EXERCISE MATERIAL: Begin

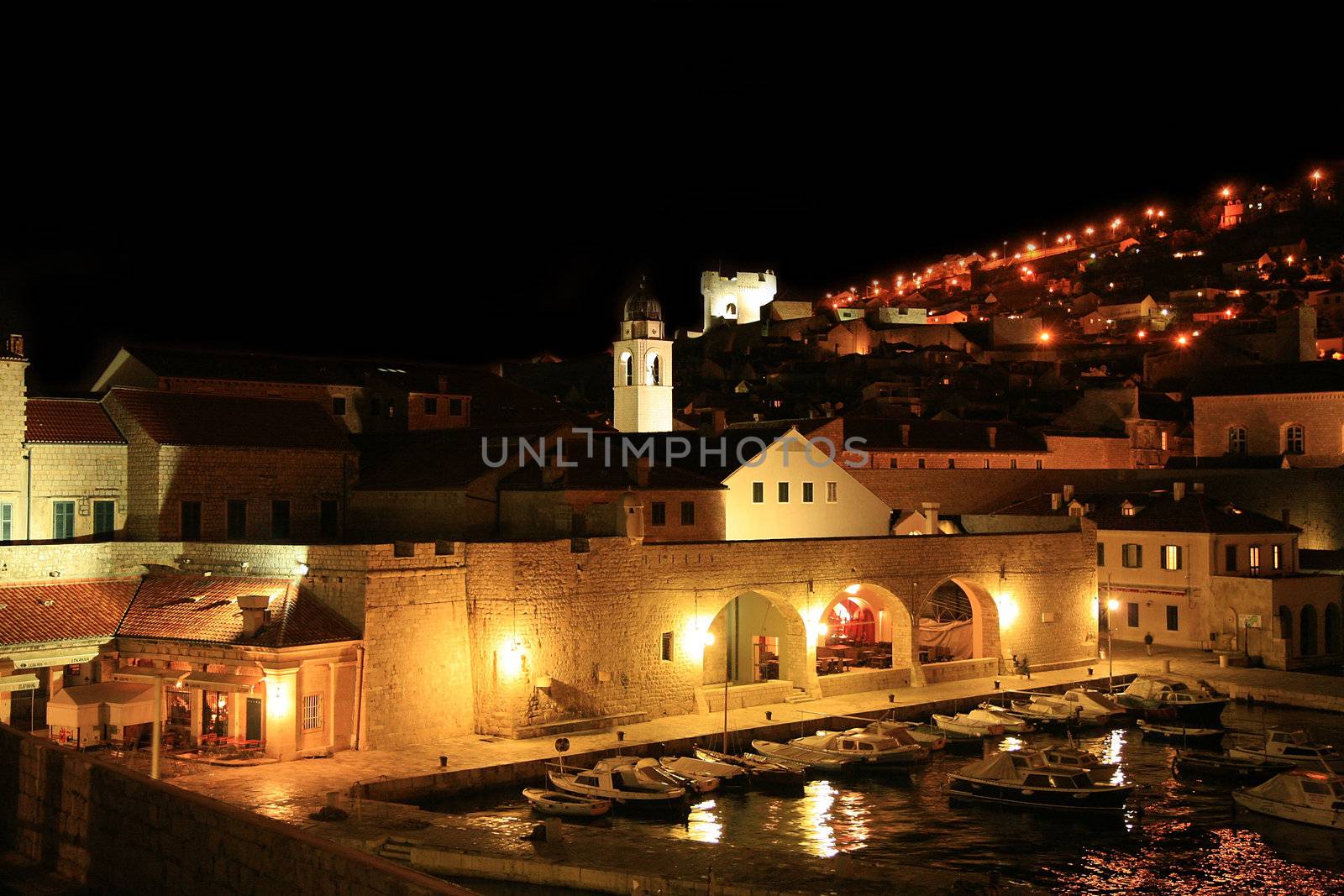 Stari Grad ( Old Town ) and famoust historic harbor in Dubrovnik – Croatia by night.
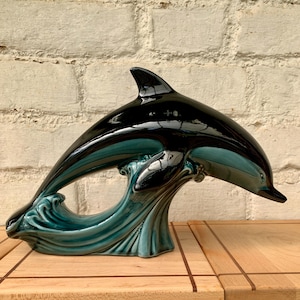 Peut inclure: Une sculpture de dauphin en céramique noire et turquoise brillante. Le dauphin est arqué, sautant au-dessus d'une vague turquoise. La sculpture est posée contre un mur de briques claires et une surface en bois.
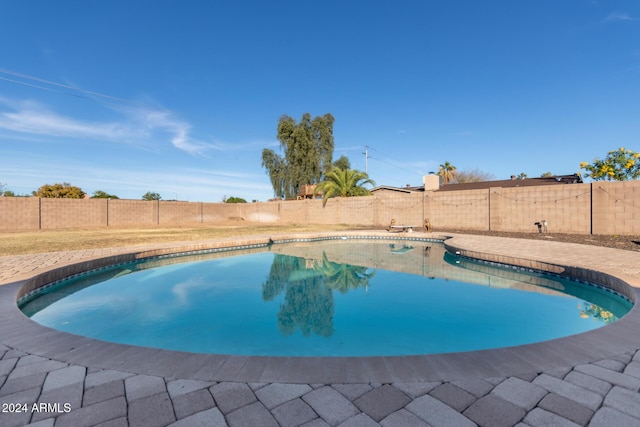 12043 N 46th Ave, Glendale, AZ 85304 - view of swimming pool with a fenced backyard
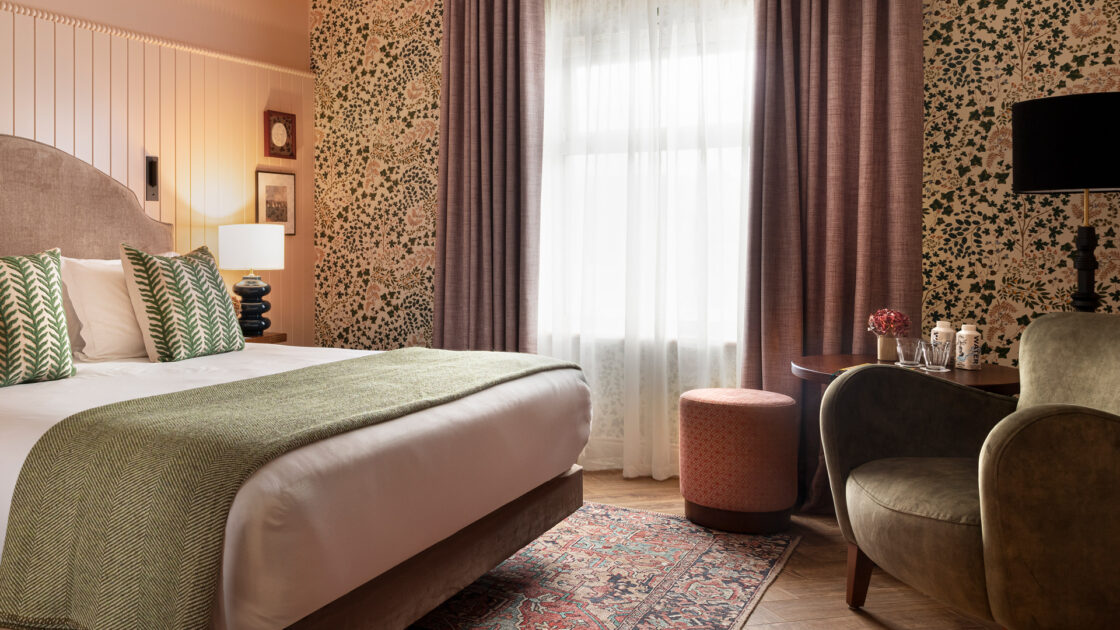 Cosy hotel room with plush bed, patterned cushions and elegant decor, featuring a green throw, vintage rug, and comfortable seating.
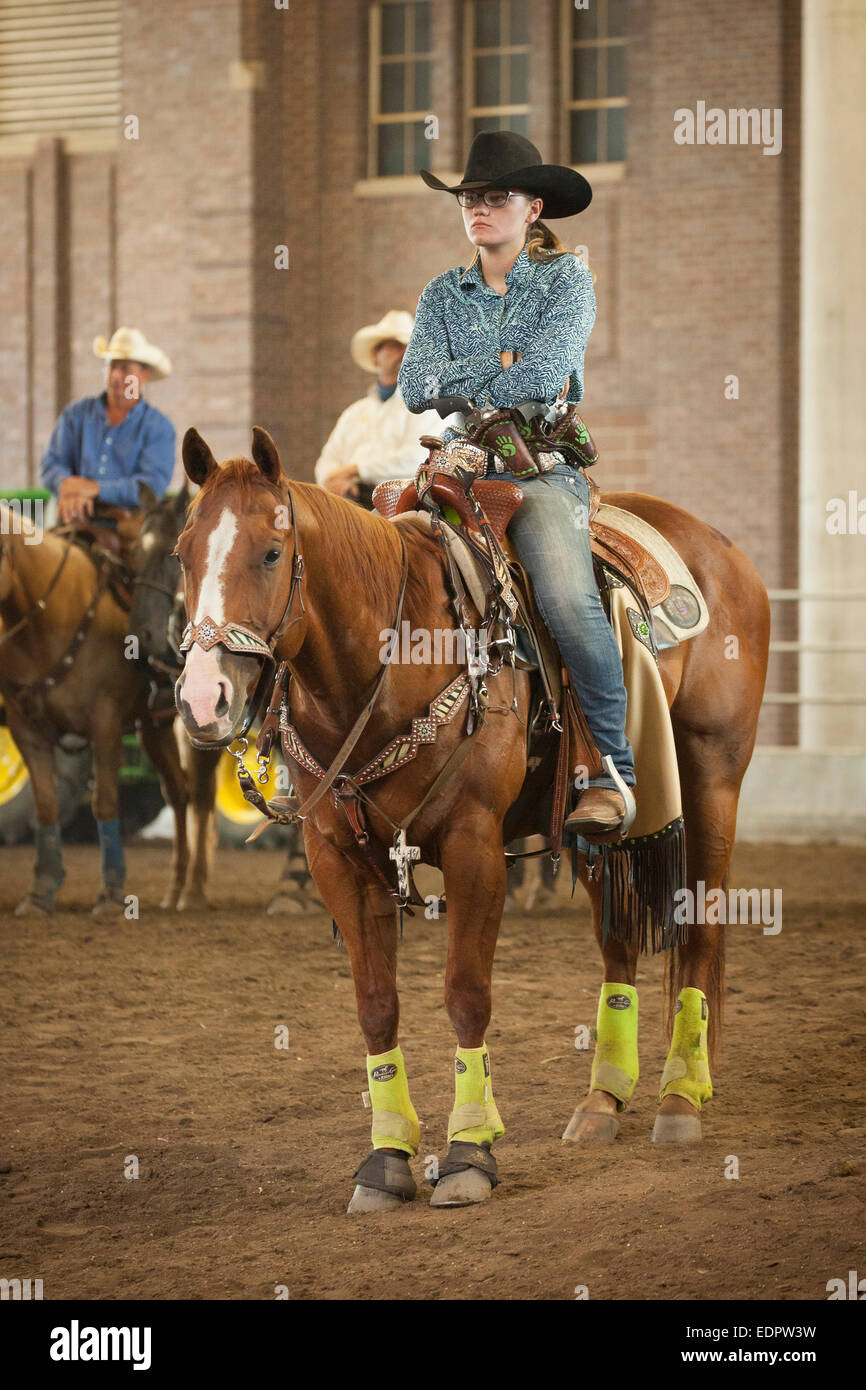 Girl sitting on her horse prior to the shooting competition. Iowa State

EXERCISE MATERIAL: End

> [WORK REQUEST]: Working from the entries above, please transcribe only the lines from the line with "Peut inclure: Une" through the line with "Cosy hotel room", exactly, with both end lines and without pictures.

> [TASK ANSWER]:
 Peut inclure: Une sculpture de dauphin en céramique noire et turquoise brillante. Le dauphin est arqué, sautant au-dessus d'une vague turquoise. La sculpture est posée contre un mur de briques claires et une surface en bois.
 12043 N 46th Ave, Glendale, AZ 85304 - view of swimming pool with a fenced backyard
 Cosy hotel room with plush bed, patterned cushions and elegant decor, featuring a green throw, vintage rug, and comfortable seating.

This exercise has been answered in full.